Seems to me that if the bill would do nothing more than allow removal, without purporting to alter the applicable substantive law, it's a simple expansion of removal jurisdiction within constitutional limits.  Under Strawbridge v. Curtiss, all that is constitutionally required for diversity jurisdiction is minimal diversity (and a form of minimal diversity -- i.e., any two parties coming from different states -- is all that is required under the federal interpleader statute), and this statute clearly requires some diversity.
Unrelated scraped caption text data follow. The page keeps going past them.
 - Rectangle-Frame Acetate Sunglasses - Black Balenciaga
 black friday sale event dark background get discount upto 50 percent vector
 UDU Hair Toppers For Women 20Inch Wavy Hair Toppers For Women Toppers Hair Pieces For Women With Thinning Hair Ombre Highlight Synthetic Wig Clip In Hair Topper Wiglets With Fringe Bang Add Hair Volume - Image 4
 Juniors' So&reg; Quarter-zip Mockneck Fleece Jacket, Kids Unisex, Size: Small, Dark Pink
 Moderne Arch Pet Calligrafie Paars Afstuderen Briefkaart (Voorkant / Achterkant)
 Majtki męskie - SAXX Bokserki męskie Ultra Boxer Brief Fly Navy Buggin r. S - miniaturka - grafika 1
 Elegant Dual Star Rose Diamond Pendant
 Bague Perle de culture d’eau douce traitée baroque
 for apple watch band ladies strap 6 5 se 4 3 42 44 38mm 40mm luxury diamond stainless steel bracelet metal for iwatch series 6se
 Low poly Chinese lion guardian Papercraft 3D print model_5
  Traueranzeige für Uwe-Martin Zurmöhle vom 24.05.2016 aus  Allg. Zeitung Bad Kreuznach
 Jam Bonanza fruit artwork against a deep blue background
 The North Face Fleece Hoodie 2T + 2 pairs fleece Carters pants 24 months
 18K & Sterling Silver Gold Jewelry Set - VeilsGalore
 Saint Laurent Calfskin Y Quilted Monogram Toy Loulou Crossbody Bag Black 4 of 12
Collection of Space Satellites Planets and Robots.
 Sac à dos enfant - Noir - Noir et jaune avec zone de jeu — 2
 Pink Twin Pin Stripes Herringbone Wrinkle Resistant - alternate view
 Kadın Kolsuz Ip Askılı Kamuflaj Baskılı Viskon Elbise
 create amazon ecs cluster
If the statute purports to prescribe the substantive rule, then presumably it would require substantive Constitutional authorization (though I'm not certain; am I correct in remembering dimly that Congressional power to presecribe admiralty law was rooted in the grant of admiralty jurisdiciton to the federal courts?).  In any event, it seems that even post-Lopez it is not a hard case to make that nearly all class actions of this size and geographical spread involve commerce, and that taken in the aggregate they may be reasoonably perceived by Congress as having a substantial impact on commerce. 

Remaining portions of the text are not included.